In response to queries from TODAY, a spokesman for the flexible workspace provider said that it is “business as usual” and Singapore customers can continue using its 14 offices here.
“Singapore continues to be a priority market for us… (The bankruptcy filing) does not impact WeWork’s operations outside the US,” said the spokesman.
The co-working space provider rents office real estate from landlords and then leases these spaces out to individual members or companies in a shared office environment.

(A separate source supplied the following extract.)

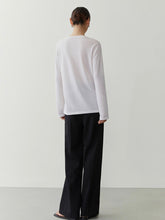 将图片加载到图库查看器,Lisa Extra Fine Merino Round Neck Long Sleeve Sweater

In 2021, SoftBank Group, a Japanese multinational investment holding company, cut a deal to take WeWork public through a merger with a blank-check acquisition company at a valuation of US$8 billion (S$10.8 billion).
On Monday however, WeWork sought US bankruptcy protection.
Under the provisions of the US bankruptcy code, WeWork could rid itself of onerous leases, a law firm told news wire Reuters.
The company reported estimated assets and liabilities ranging from US$10 billion to US$50 billion, according to a bankruptcy filing.
Profitability has remained elusive as WeWork grapples with its expensive leases and corporate clients cancelling because some employees work from home, reported Reuters.
Rental costs consumed 74 per cent of WeWork’s revenue in the second quarter of 2023 despite the company managing to amend 590 leases, saving about US$12.7 billion in fixed lease payments.
WeWork — once the most valuable US startup worth US$47 billion — first opened its doors in Singapore in 2017.
Last September, it opened its 14th outlet in Singapore at 21 Collyer Quay near Raffles Place. Occupying all 21 floors of the former HSBC headquarters, the 220,000 sq ft office is WeWork’s largest location in the Pacific region.
CapitaLand Integrated Commercial Trust — which WeWork has a tenancy for 21 Collyer Quay and Funan mall — told property news outlet The Edge on Nov 1 that WeWork will remain its tenant. This was in response to news that the startup might be filing for bankruptcy this week.
“It has been paying its rents on schedule. We are currently in discussions with the tenant while closely monitoring the ongoing developments,” a spokesperson for CapitaLand Integrated Commercial Trust told The Edge.
The WeWork spokesperson told TODAY that its employees in Singapore will not be impacted by the bankruptcy filing.
“In fact, we are still hiring,” the spokesperson added.